- _TASK DETAILS_
Output all entries verbatim, dropping pictures.

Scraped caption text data
=== Section Start ===

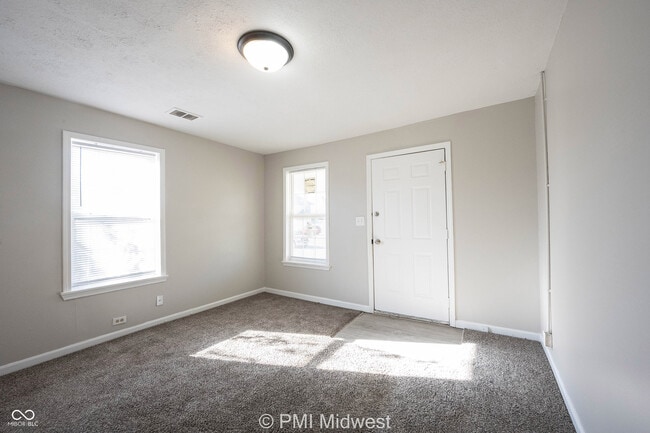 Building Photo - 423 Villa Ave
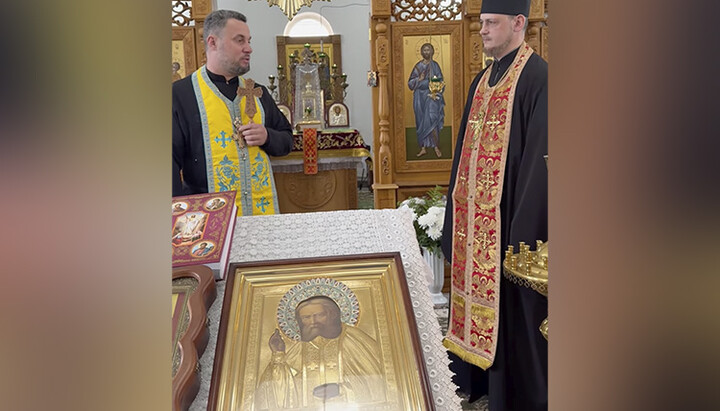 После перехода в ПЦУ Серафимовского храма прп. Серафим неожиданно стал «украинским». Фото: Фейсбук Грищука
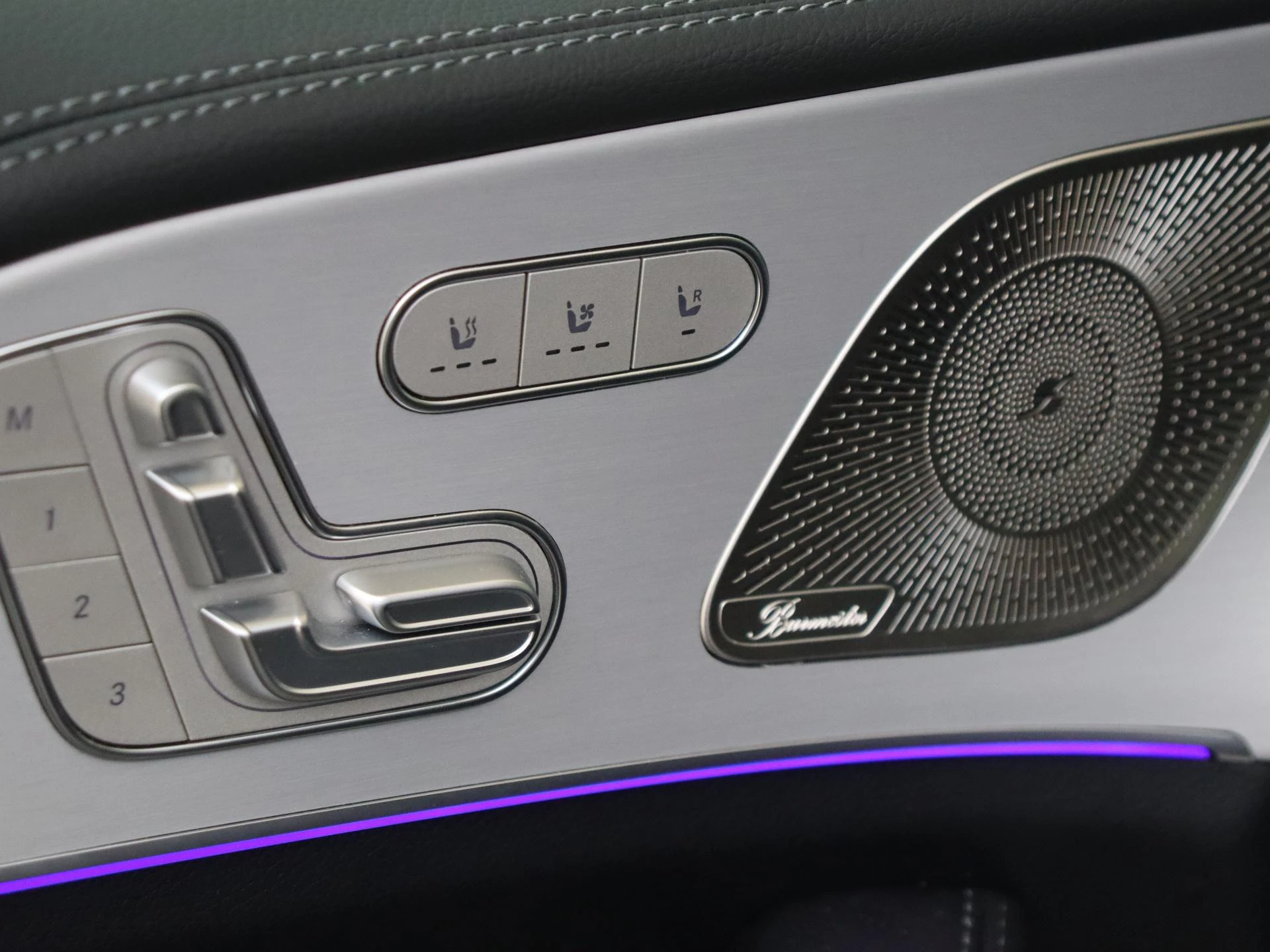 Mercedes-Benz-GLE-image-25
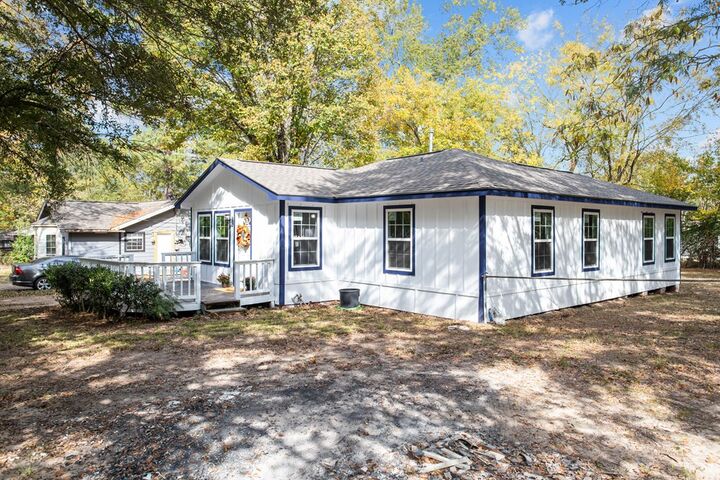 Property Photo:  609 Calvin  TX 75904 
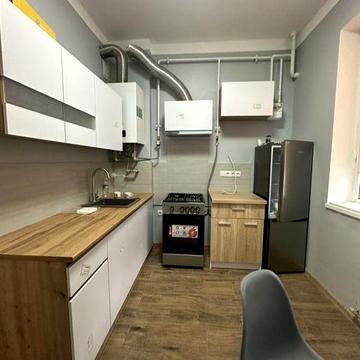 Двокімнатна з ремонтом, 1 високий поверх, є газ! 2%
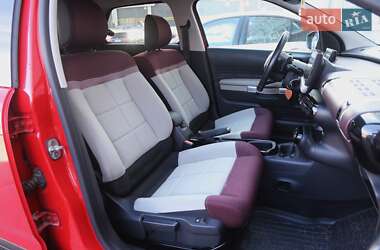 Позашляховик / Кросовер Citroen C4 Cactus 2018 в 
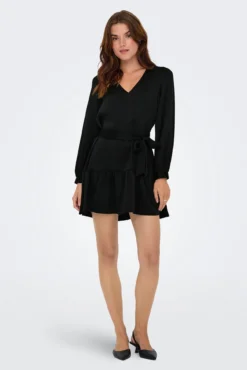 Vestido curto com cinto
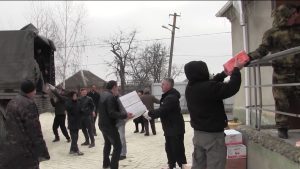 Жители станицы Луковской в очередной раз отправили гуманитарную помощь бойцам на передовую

=== Section End ===

- _RESULT BELOW_
 Building Photo - 423 Villa Ave
 После перехода в ПЦУ Серафимовского храма прп. Серафим неожиданно стал «украинским». Фото: Фейсбук Грищука
 Mercedes-Benz-GLE-image-25
 Property Photo:  609 Calvin  TX 75904 
 Двокімнатна з ремонтом, 1 високий поверх, є газ! 2%
 Позашляховик / Кросовер Citroen C4 Cactus 2018 в 
 Vestido curto com cinto
 Жители станицы Луковской в очередной раз отправили гуманитарную помощь бойцам на передовую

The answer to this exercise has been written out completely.